CD-Einspielung: Roland Wilson, La Capella Ducale und Musica Fiata mit „Dafne“, der verschollenen Oper von Heinrich Schütz
Der 13. April 1627 nimmt einen besonderen Platz in der Geschichte der kleinen sächsischen Stadt Torgau ein. An diesem Tag fand auf dem prachtvollen Renaissanceschloss Hartenfels die Hochzeitsfeier des Landgrafen Georg II. von Hessen-Darmstadt mit Sophie Eleonore von Sachsen, der ältesten Tochter des Kurfürsten Johann Georg I., statt. Zeitgenössischen Quellen zufolge wurde dort den ganzen Tag gegessen, getanzt, gespielt und gesungen. Spätabends, „nach der Nachtmalzeit“, ließ der Kurfürst seine Gäste offenbar mit einer „Pastoral Tragicomoedie“ unterhalten, die „musikalisch auf den Schauplatz gebracht“ (sic!) wurde: „Dafne“.

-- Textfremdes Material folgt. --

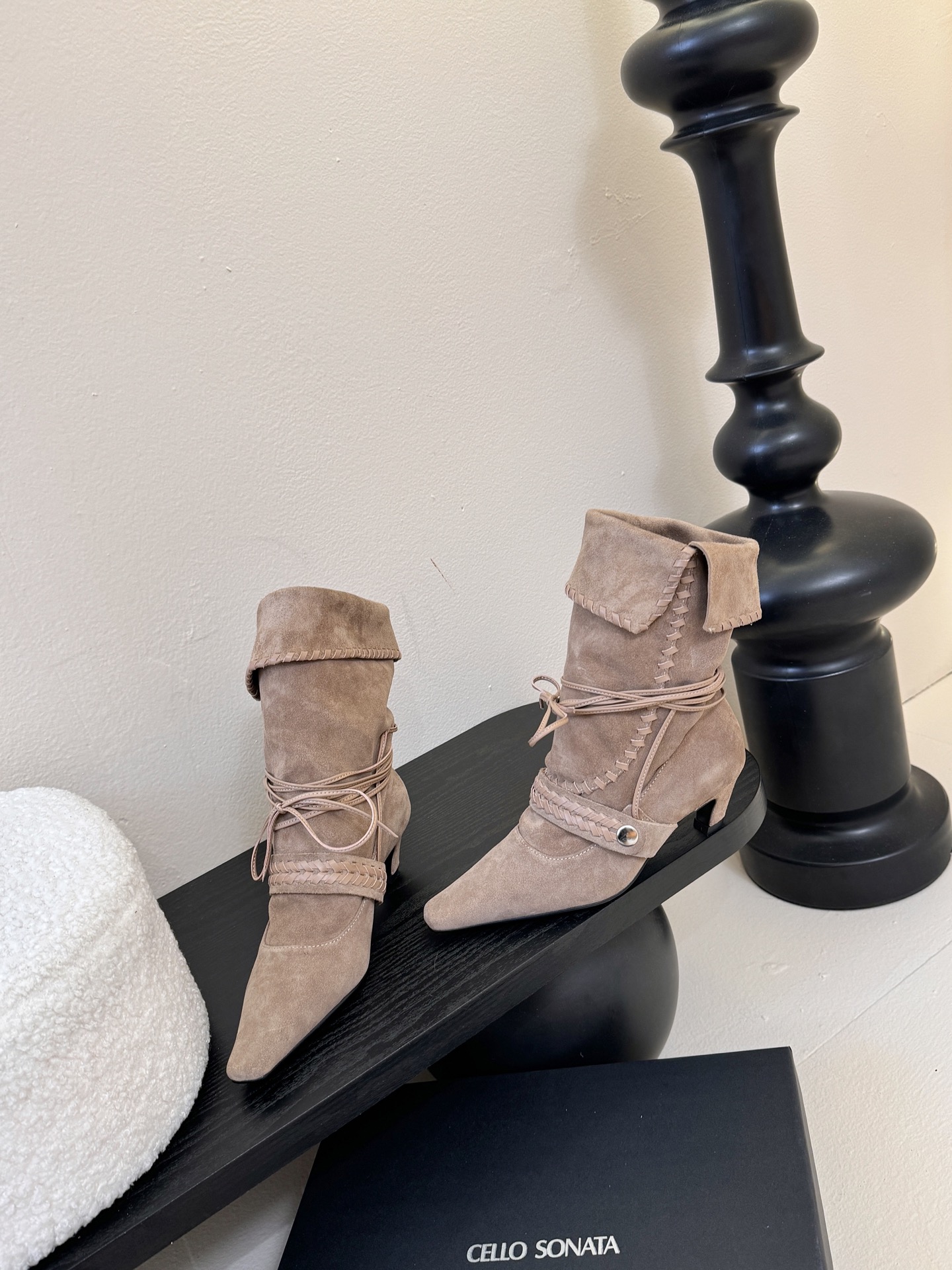 Cello Sonata🔳𝟐𝟓𝐀𝐖新品游牧风复古麂皮编织中靴 把复古时髦玩明白了 尖头皮质+绑带设计 极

In der Literatur als erste Oper in Deutschland und überhaupt als die erste deutschsprachige Oper bezeichnet, stellt die Dafne eines der größten Rätsel der Musikgeschichte dar. Ihre Partitur, komponiert vom kurfürstlichen Hofkapellmeister Heinrich Schütz (1585-1672), ist bis heute spurlos verschwunden. Die Oper wurde dadurch sozusagen zu einer Phantomoper. Vollständig überliefert ist lediglich das Libretto von einem prominenten Dichter der damaligen Zeit, Martin Opitz. Dieses enthält allerdings konkrete Anhaltspunkte für und Hinweise auf Schütz’ Musik. Insofern kann es nicht verwundern, dass sich im Laufe der Zeit bereits diverse Expertinnen und Experten um eine Rekonstruktion der Musik und dementsprechend um eine Wiederbelebung des Phantoms bemüht haben. In den meisten Fällen war dies jedoch nicht von Erfolg gekrönt.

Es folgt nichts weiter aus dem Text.